→ **Your instructions**
The records below must be reproduced exactly. Strip out the pictures.

(Short web captions)

+++++

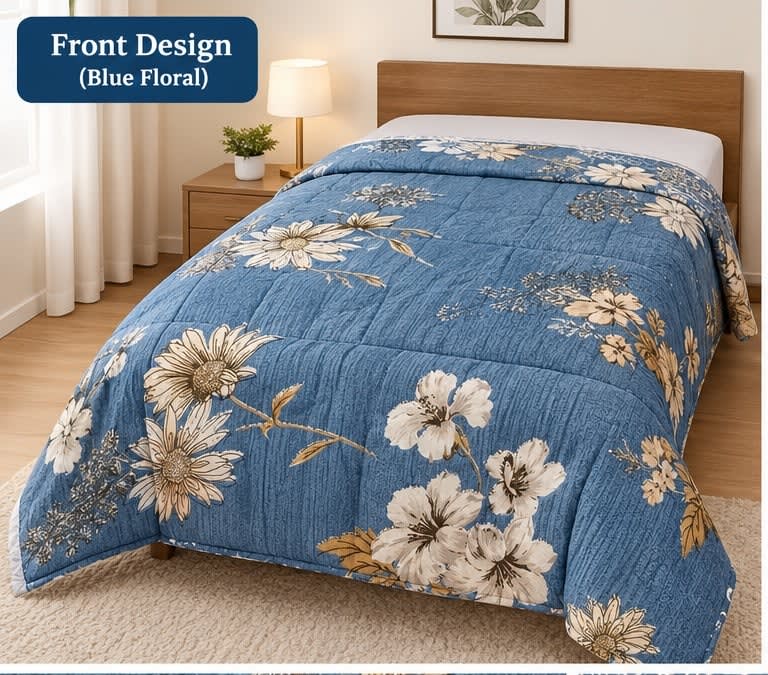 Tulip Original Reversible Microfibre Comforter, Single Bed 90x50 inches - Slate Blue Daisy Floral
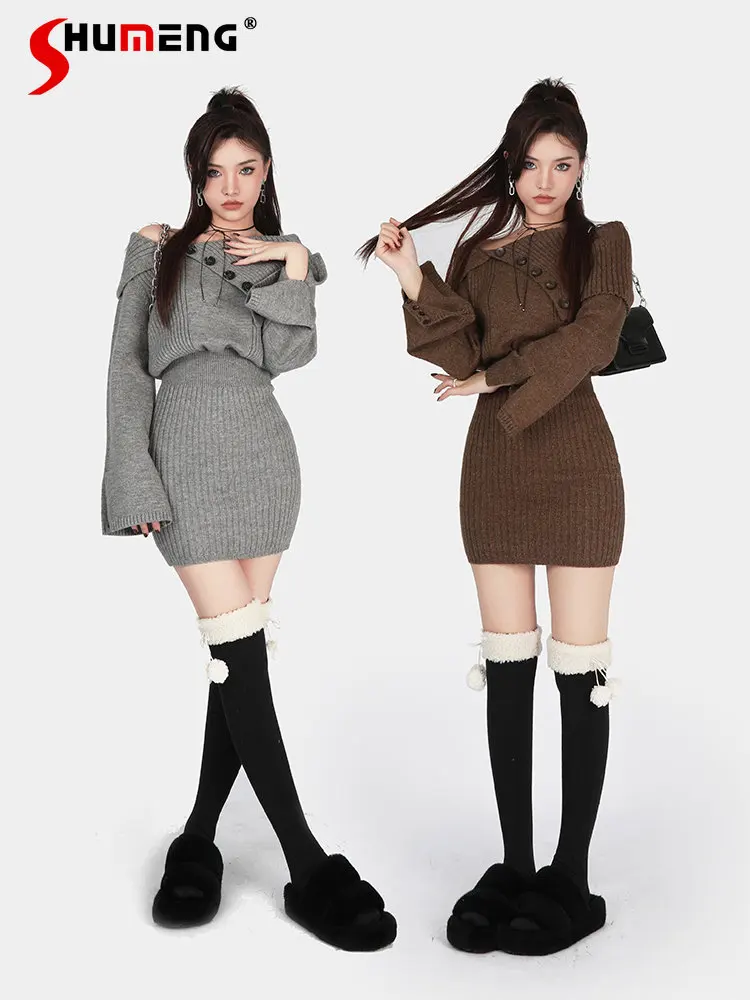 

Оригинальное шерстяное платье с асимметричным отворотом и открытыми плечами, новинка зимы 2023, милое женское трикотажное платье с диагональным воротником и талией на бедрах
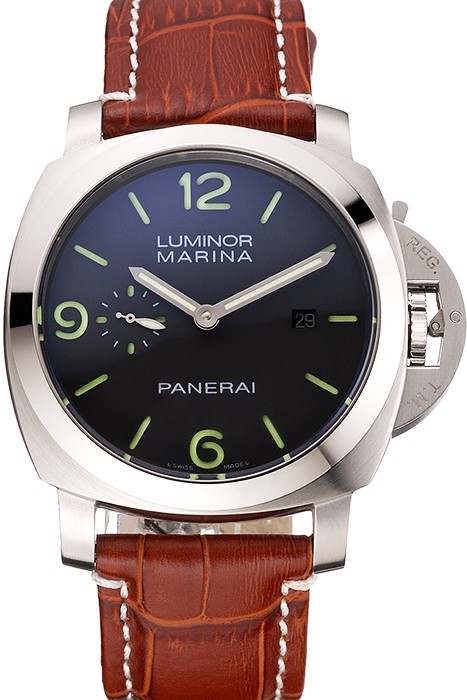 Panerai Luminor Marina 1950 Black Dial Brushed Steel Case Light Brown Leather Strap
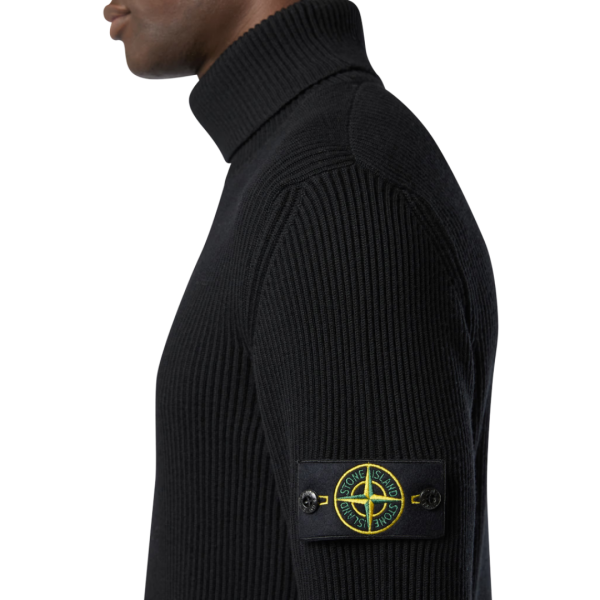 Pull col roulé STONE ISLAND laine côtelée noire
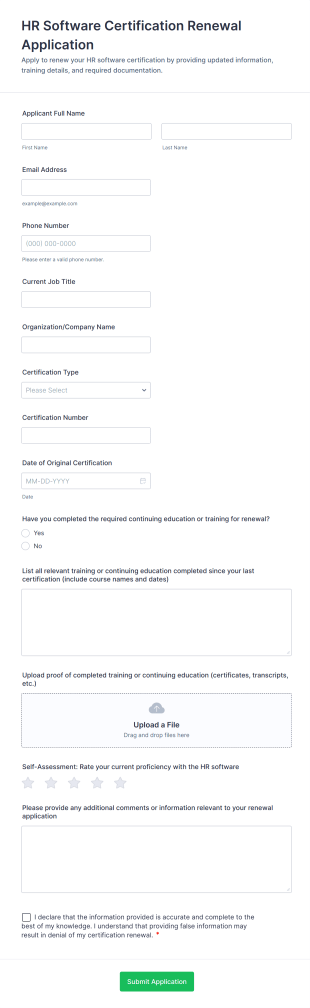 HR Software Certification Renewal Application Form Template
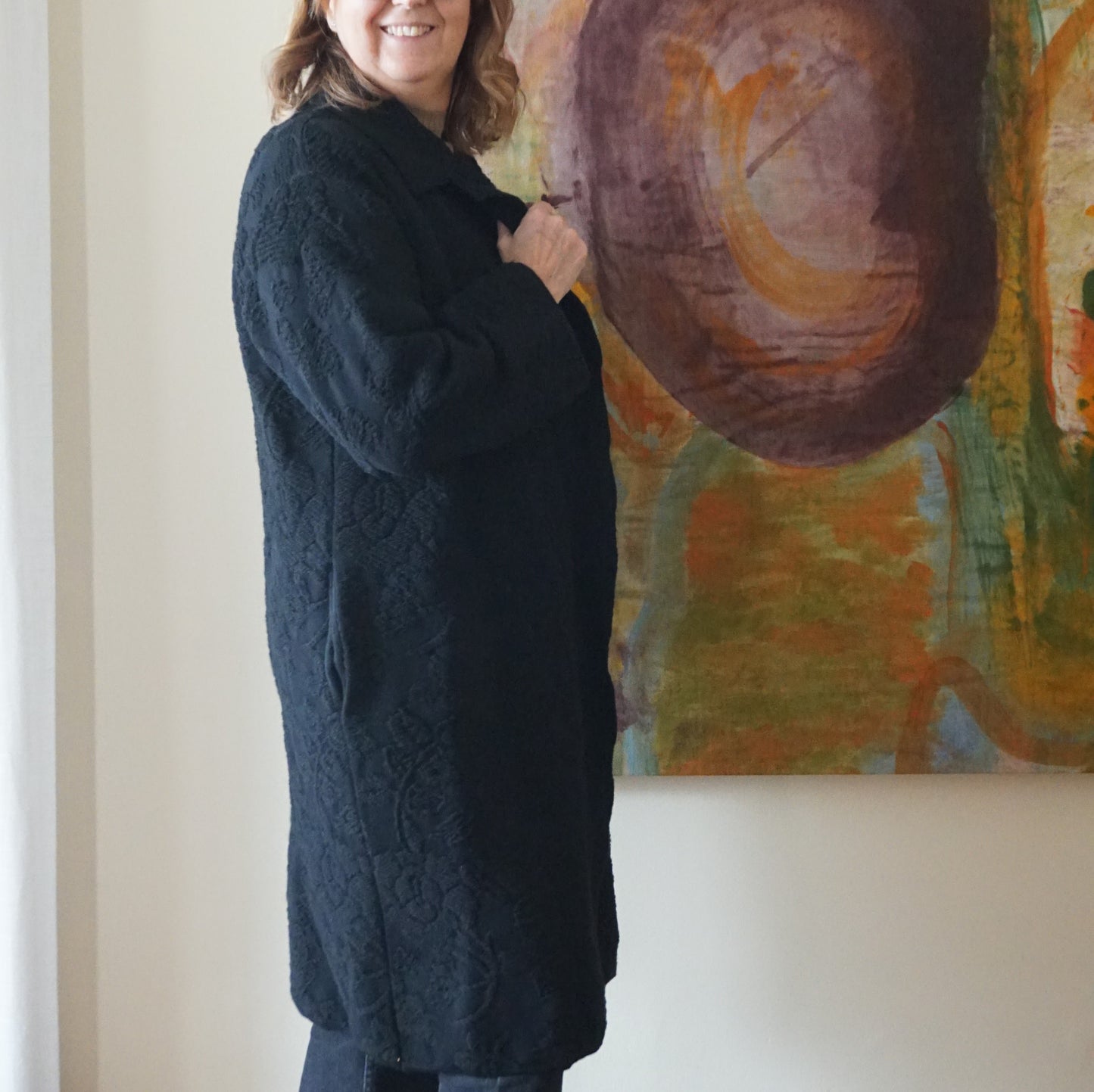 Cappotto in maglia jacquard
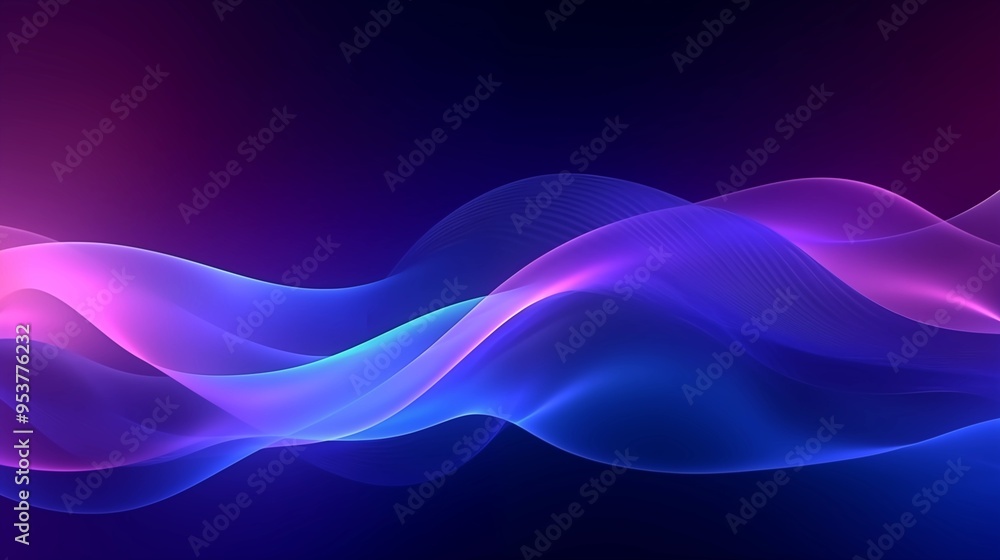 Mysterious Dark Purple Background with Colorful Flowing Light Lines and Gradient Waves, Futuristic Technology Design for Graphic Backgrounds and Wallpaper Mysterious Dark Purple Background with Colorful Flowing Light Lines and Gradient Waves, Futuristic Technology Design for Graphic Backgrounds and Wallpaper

+++++

→ **Result for this exercise**
 Tulip Original Reversible Microfibre Comforter, Single Bed 90x50 inches - Slate Blue Daisy Floral

Оригинальное шерстяное платье с асимметричным отворотом и открытыми плечами, новинка зимы 2023, милое женское трикотажное платье с диагональным воротником и талией на бедрах
 Panerai Luminor Marina 1950 Black Dial Brushed Steel Case Light Brown Leather Strap
 Pull col roulé STONE ISLAND laine côtelée noire
 HR Software Certification Renewal Application Form Template
 Cappotto in maglia jacquard
 Mysterious Dark Purple Background with Colorful Flowing Light Lines and Gradient Waves, Futuristic Technology Design for Graphic Backgrounds and Wallpaper Mysterious Dark Purple Background with Colorful Flowing Light Lines and Gradient Waves, Futuristic Technology Design for Graphic Backgrounds and Wallpaper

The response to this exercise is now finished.